Z kolei poseł PiS Krzysztof Tchórzewski w interpelacji do premier Ewy Kopacz apeluje o wstrzymanie postępowania prywatyzacyjnego PKP Energetyka do czasu zbadania przez MIR, MON, MSW i służby specjalne, jakie zagrożenia interesów gospodarczych, strategicznych i obronnych państwa polskiego mogą wystąpić w wyniku tej prywatyzacji oraz w jaki sposób można im zapobiec.
– Będziemy odpowiedzialnym inwestorem, w pełni respektującym zobowiązania wynikające z przepisów prawa, decyzji regulatorów rynku kolejowego i energetycznego oraz dobrych praktyk biznesowych, aby stworzyć z PKP Energetyki firmę na poziomie międzynarodowym – deklaruje István Szöke z CVC. Daje przykład brytyjskiej firmy Network Rail, której prąd dostarcza francuski koncern EDF, i nie stanowi to zagrożenia dla tamtejszej kolei.
Sprzedaż PKP Energetyka odbywa się na podstawie uchwalonej 15 lat temu ustawy o komercjalizacji, restrukturyzacji i prywatyzacji przedsiębiorstwa państwowego Polskie Koleje Państwowe. Był to projekt forsowany przez mniejszościowy wtedy rząd AWS. Jego wicepremierem był Janusz Steinhoff, a jednym z parlamentarzystów popierających gabinet – Krzysztof Tchórzewski. – Popierałem tę ustawę, bo popierała ją AWS, której byłem lojalnym członkiem, ale nie ze wszystkimi zapisami się zgadzałem – wyjaśnia dziś poseł.
W listopadzie 2001 r. Tchórzewski wszedł do zarządu PKP Energetyka, a na początku 2002 r. został dyrektorem ekonomiczno-finansowym firmy. Jej pracownikiem jest nadal – od 2005 r. na czas pełnienia mandatu na urlopie bezpłatnym. – Dziś jestem praktycznie emerytem, bo skończyłem już 65 lat, nie ma więc w mojej interpelacji żadnego prywatnego interesu – argumentuje.

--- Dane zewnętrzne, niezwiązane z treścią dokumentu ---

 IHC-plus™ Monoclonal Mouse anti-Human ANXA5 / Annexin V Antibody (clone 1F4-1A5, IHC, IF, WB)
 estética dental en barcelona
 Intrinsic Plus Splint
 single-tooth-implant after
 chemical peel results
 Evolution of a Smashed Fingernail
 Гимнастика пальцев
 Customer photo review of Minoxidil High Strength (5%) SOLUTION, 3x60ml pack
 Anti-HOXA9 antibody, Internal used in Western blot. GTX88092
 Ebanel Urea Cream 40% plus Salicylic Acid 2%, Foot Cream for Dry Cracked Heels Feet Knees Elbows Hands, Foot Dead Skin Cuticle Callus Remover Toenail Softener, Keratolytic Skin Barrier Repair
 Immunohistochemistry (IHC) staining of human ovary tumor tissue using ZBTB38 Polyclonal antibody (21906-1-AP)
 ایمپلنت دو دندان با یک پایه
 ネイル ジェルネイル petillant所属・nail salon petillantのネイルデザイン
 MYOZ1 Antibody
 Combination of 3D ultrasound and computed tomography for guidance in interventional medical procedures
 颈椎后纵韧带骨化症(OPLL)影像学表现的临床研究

Ostrożnie do sprzedaży spółki podchodzi nawet Skarb Państwa. Rzecznik MSP Emil Górecki, cytowany przez portal RynekInfrastruktury.pl, przypomina, że transakcja nie została jeszcze zakończona i może zostać wstrzymana, gdyby się okazało, że zagrożone było bezpieczeństwo i porządek publiczny. Według niego taką decyzję może podjąć minister na mocy uchwalonej w ubiegłym tygodniu przez Sejm ustawy o kontroli inwestycji. Tyle że nie została ona jeszcze podpisana przez prezydenta, a tym bardziej opublikowana.
A CVC nie zasypia gruszek w popiele i stara się doprowadzić transakcję do finału. Wczoraj fundusz zawarł z działającymi w PKP Energetyce związkami zawodowymi porozumienie dotyczące gwarancji zatrudnienia. W najbliższych dniach podpisać może też umowę sprzedaży (termin wyłączności na rozmowie w tej sprawie został już przedłużony). Ewentualna umowa będzie jednak zawierała dwa warunki zawieszające: zgoda WZA PKP na sprzedaż spółki zależnej (de facto decyduje o tym minister infrastruktury) oraz zgoda europejskiego urzędu antymonopolowego (CVC działa na rynku całej UE).